**Requirement**
The lines below, all of them, should be returned exactly as they appear.

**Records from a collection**
╔══
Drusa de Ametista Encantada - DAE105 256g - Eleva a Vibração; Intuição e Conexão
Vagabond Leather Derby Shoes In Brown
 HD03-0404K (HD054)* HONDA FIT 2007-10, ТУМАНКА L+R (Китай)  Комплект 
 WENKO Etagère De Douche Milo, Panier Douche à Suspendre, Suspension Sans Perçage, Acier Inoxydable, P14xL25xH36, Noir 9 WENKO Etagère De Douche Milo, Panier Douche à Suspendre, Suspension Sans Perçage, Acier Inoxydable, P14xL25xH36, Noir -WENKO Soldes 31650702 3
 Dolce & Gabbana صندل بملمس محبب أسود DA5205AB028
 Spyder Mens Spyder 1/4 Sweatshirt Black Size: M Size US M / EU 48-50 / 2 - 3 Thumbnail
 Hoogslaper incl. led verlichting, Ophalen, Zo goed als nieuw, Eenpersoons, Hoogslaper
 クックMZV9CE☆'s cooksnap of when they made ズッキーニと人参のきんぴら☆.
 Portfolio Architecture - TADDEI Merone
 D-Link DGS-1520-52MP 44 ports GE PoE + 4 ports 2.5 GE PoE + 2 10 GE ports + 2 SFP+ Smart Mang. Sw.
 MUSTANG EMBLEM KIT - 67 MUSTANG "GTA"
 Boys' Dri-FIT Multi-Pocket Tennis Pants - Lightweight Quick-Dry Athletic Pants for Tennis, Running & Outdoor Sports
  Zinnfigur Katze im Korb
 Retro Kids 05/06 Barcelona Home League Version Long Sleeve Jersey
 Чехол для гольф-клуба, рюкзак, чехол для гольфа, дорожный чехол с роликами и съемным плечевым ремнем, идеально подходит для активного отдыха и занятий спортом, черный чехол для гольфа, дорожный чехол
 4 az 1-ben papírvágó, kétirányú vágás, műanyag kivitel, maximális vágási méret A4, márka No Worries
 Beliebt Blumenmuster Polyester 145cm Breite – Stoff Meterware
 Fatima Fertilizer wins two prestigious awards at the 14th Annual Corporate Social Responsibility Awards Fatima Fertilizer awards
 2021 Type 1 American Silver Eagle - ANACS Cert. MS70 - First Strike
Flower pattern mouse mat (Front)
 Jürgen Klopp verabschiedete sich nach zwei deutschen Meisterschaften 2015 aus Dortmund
╚══
**Reply to the exercise**
Drusa de Ametista Encantada - DAE105 256g - Eleva a Vibração; Intuição e Conexão
Vagabond Leather Derby Shoes In Brown
 HD03-0404K (HD054)* HONDA FIT 2007-10, ТУМАНКА L+R (Китай)  Комплект 
 WENKO Etagère De Douche Milo, Panier Douche à Suspendre, Suspension Sans Perçage, Acier Inoxydable, P14xL25xH36, Noir 9 WENKO Etagère De Douche Milo, Panier Douche à Suspendre, Suspension Sans Perçage, Acier Inoxydable, P14xL25xH36, Noir -WENKO Soldes 31650702 3
 Dolce & Gabbana صندل بملمس محبب أسود DA5205AB028
 Spyder Mens Spyder 1/4 Sweatshirt Black Size: M Size US M / EU 48-50 / 2 - 3 Thumbnail
 Hoogslaper incl. led verlichting, Ophalen, Zo goed als nieuw, Eenpersoons, Hoogslaper
 クックMZV9CE☆'s cooksnap of when they made ズッキーニと人参のきんぴら☆.
 Portfolio Architecture - TADDEI Merone
 D-Link DGS-1520-52MP 44 ports GE PoE + 4 ports 2.5 GE PoE + 2 10 GE ports + 2 SFP+ Smart Mang. Sw.
 MUSTANG EMBLEM KIT - 67 MUSTANG "GTA"
 Boys' Dri-FIT Multi-Pocket Tennis Pants - Lightweight Quick-Dry Athletic Pants for Tennis, Running & Outdoor Sports
  Zinnfigur Katze im Korb
 Retro Kids 05/06 Barcelona Home League Version Long Sleeve Jersey
 Чехол для гольф-клуба, рюкзак, чехол для гольфа, дорожный чехол с роликами и съемным плечевым ремнем, идеально подходит для активного отдыха и занятий спортом, черный чехол для гольфа, дорожный чехол
 4 az 1-ben papírvágó, kétirányú vágás, műanyag kivitel, maximális vágási méret A4, márka No Worries
 Beliebt Blumenmuster Polyester 145cm Breite – Stoff Meterware
 Fatima Fertilizer wins two prestigious awards at the 14th Annual Corporate Social Responsibility Awards Fatima Fertilizer awards
 2021 Type 1 American Silver Eagle - ANACS Cert. MS70 - First Strike
Flower pattern mouse mat (Front)
 Jürgen Klopp verabschiedete sich nach zwei deutschen Meisterschaften 2015 aus Dortmund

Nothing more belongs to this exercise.